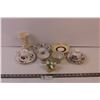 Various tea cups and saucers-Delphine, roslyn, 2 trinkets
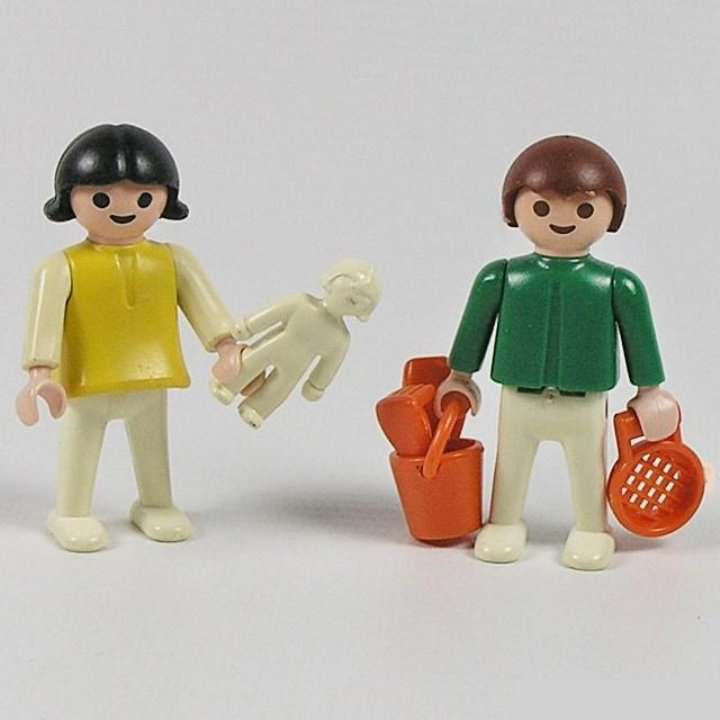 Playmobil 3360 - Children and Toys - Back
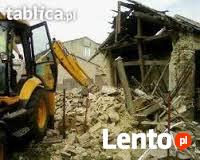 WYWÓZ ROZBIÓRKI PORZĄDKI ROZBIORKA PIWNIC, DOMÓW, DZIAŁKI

# # # # # # #

### Aim of the exercise
Return the material word for word. Pictures are not part of the copy.

### Exercise result
 Various tea cups and saucers-Delphine, roslyn, 2 trinkets
 Playmobil 3360 - Children and Toys - Back
 WYWÓZ ROZBIÓRKI PORZĄDKI ROZBIORKA PIWNIC, DOMÓW, DZIAŁKI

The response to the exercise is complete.